Two variants of institutional origin can be distinguished from our findings. Some groups are endogamic, tracing borders around their own departments, while others more openly associate with external library and information science researchers, either on the national or international front. Although the indicators applied here do not allow us to clearly affirm that these factors impact on group productivity, they do appear to have some repercussions for group prestige, measured by the citations of published work. In fact, there are studies that point out how the presence of the endogamy model (small-world model in co-authorship) is an obstacle to internationalisation. That is, the authors within this model publish less in international journals than authors outside this model (Mali et al. 2010). This practice eventually means lesser productivity and visibility in the academic community and does not encourage the mobility of the researchers. Future studies will allow us to explore the influence of institutional origins in more detail.
Professional category would also seem to be an important factor for group design, fundamentally because only a few R-DHUBIs can direct research projects. For this reason, they appear as central actors. However, a better look at the different time periods studied shows a lack of consistency in the presence of the most influential professors in the input and output groups.
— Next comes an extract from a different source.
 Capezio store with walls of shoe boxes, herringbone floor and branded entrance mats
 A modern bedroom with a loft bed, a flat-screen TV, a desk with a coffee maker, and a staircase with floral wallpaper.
This finding could be attributed to the fact that some groups stem from occasional co-authorship but then evolve towards steadier participation in joint research projects. Group G appears to have followed this path, as in its early stages there was no actor with the capacity to accredit projects. Moreover, the professors have a central or key role in the transfer and exchange of information over the network. This is above all true in the case of input, since the persons who actually apply for project funding are normally well-consolidated researchers, with impressive CVs, who do not wish to risk rejection of the proposed funding or project.
On group cohesion
Our findings signal that there is less cohesion in the output networks than in the input networks, which is to be expected, since relationships established through joint participation on a project would imply interconnection of all the actors. With co-authorship, some collaboration is expected to take place among those joining forces on a single common project, but in practice this is not always true. We must bear in mind the division of work and the specialisation of the members who may participate in different stages of a project, leading to different tangible results produced by their particular tasks. Furthermore, it is important to remember that not all the results of a project necessarily become part of a publication or presentation. This limitation must be addressed and assumed when we adopt co-authorship as a unit of analysis of output.
Granted, one aspect revealed by our findings is the existence of collaborative links that go beyond the participation in formal research projects. The activities of research and collaboration tend to spill beyond the framework of accredited programmes and research projects, and can take place, in the core of the academic arena: occasional events such as applying for chairmanship, preparing graduate theses and suchlike would call for interaction between and among professors and researchers.
One key aspect of research group dynamics is the capacity to train departmental members and attract highly qualified foreign researchers so as to obtain resources via mobility and/or competitive projects at the international level. This is related to the idea of 'breeding research', with the capacity to create programmes of mobility, both internal and external, in order to encourage the international training of junior researchers and establish permanent contacts and interchanges between senior researchers. Such relationships will produce higher international profile and visibility. Given the evidence of constrained resources at a global level, providing information about optimal practices can be helpful when financing international projects or taking on staff, trained internally or externally, to optimise departmental resources via collaboration.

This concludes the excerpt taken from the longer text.